Captain Jack Harkness, that most delicious traveller of time and space has many a clever thing to say about life. But did he know how right he would be when he said:
‘The 21st century is when everything changes, and you gotta be ready‘.
He obviously knew just what I now know, but perhaps we were speaking of unrelated things…a trivial difference.
Dealing as he does with the interests of Torchwood, perhaps he speaks of things on a grander scale, actions with consequences that have global or universal impacts. No doubt he has knowledge of such things that I cannot and will never know or fully understand. I take comfort that at least one of us has an awareness of such matters and will act appropriately to the circumstances of the hour.
But did he know that it is on this day that everything will change for me? A personal day of reckoning if you will. Some time ago I remember reflecting on things that I had not yet done or achieved in my life – some minor things, some major things. As I committed those words to the permanency of the black and white world, I somehow sensed that it would be in this, the thirtieth year of my life that the world would shift, leaving me never quite the same again.
While my thoughts were looking to the past at what had not yet come to be, my eyes was also turned to the unknown future, to what was still yet to be. That was when we found eachother, seventh of July. Your grouping of sevens felt permanently real, incredibly significant, and yet somehow within my reach. I knew that just as I was moving towards you, you were moving towards me. A soulmate in the timeline of my life.
The world is in a state of constant change, the moon waxes and wanes, the sea rises and falls, the stars twinkle and die, the earth wears away. Such events are always unfolding around us, even though the results may be imperceptible to us on our short timescales. While such change may be slow, continual or hard to appreciate in human terms, this does not mean that it is not happening. Jack knows just what I mean.
Human change in physical terms can be more readily gauged. We see people do things such as grow taller, gain muscle, alter their hair colour, update their wardrobe or put on weight. But what about those changes that occur below the surface? Those things that are important to each of us. Those things that we want from and for ourselves in this life. Those things that perhaps we never share with others and only whisper softly to ourselves in the darkest hours of the night. Those things that may be regarded by others as unimportant or commonplace. What others think is of course of no consequence. Life sets us all on a different path and there is no way of judging another person’s journey from the outside as their experiences, hopes, triumphs and tragedies, can never fully be my own. I like to think that Jack would understand this too…he’s perceptive like that.
Some of the things that happen in life will be good, some will be bad. It’s not really up to us to choose how things will unfold.

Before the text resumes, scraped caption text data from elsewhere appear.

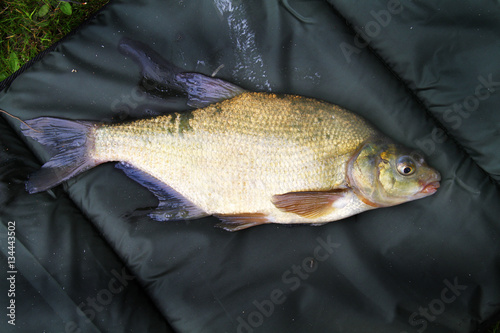 Fototapeta Naklejka Na Ścianę i Meble -  Commn Bream, fresh water fish from commercial angling pond.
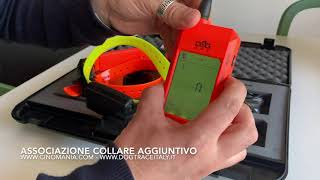 Associazione collare X20X30 Dogtrace GPS con ricevente [upl. by Riatsala]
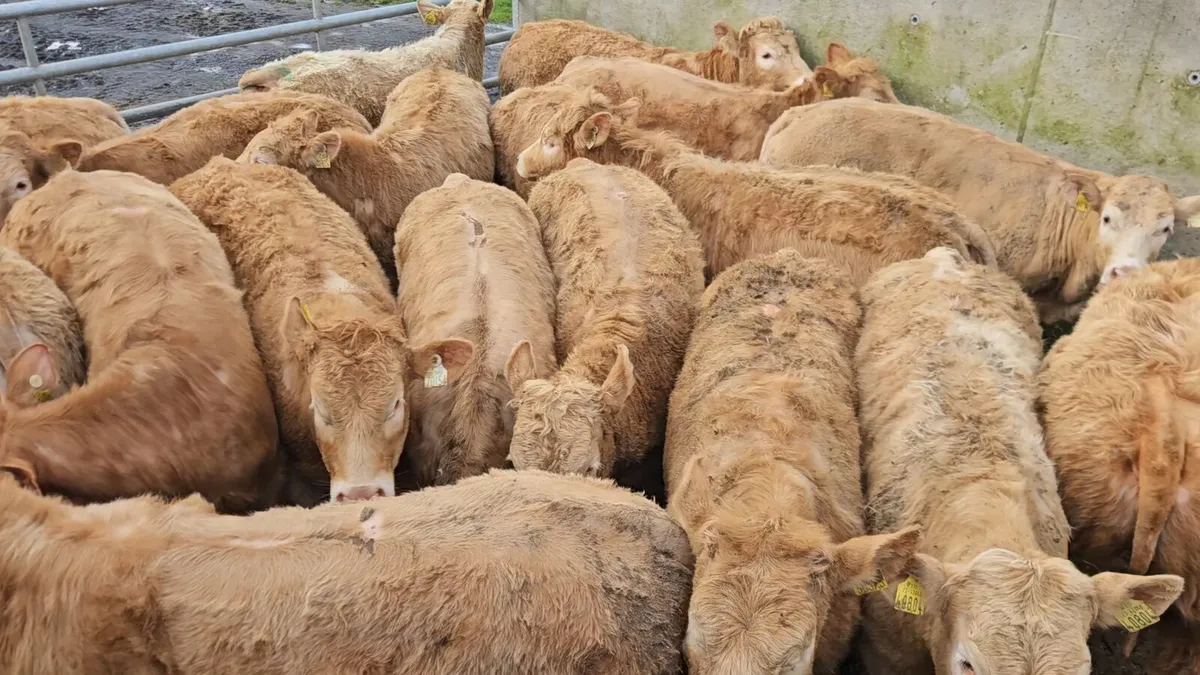 22 Super U+ Grade CHX Heifers !! - Image 1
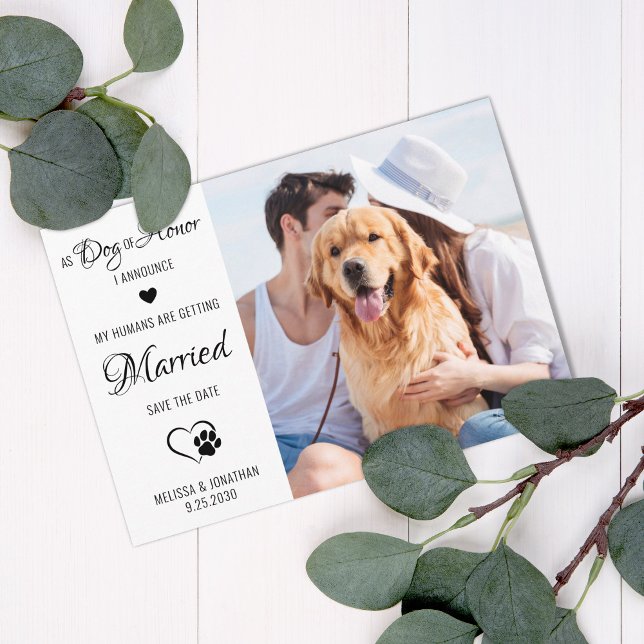 Dog Of Honor Personalized Pet Photo Dog Wedding Save The Date (Von Creator hochgeladen)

To be open to the good, will also open you up to the bad, that is simply the balance of life. Up until this year I had never made an overseas phone call (got to speak to the wonderful Fionn Regan some months ago in Brighton), never broken a bone in my body (overcame that with a broken ankle), never been published (some of my articles appeared in a free press publication) and never knew how to knit properly (a completed scarf is evidence of this rediscovered skill).
There are many other things that are on the list of what I still want to achieve this year. There are also things to be written on a list that I cannot see, a collection of things that will happen in the future that I had not planned for. But such is the unexpected experience that is this life. As dark and disturbing as it can sometimes be, I doubt whether I would change a single thing…even if I had the chance. We learn so much from the good and the bad without even knowing it, that I would hate to turn my back on any of the lessons that I have learnt. They have all been too important in bringing me to this point in time.
So here we are, you and me. You – this one unique day early in July at the beginning of the 21st century where everything will change. And me – well I’m here and I’m ready. Thanks for reminding me Jack.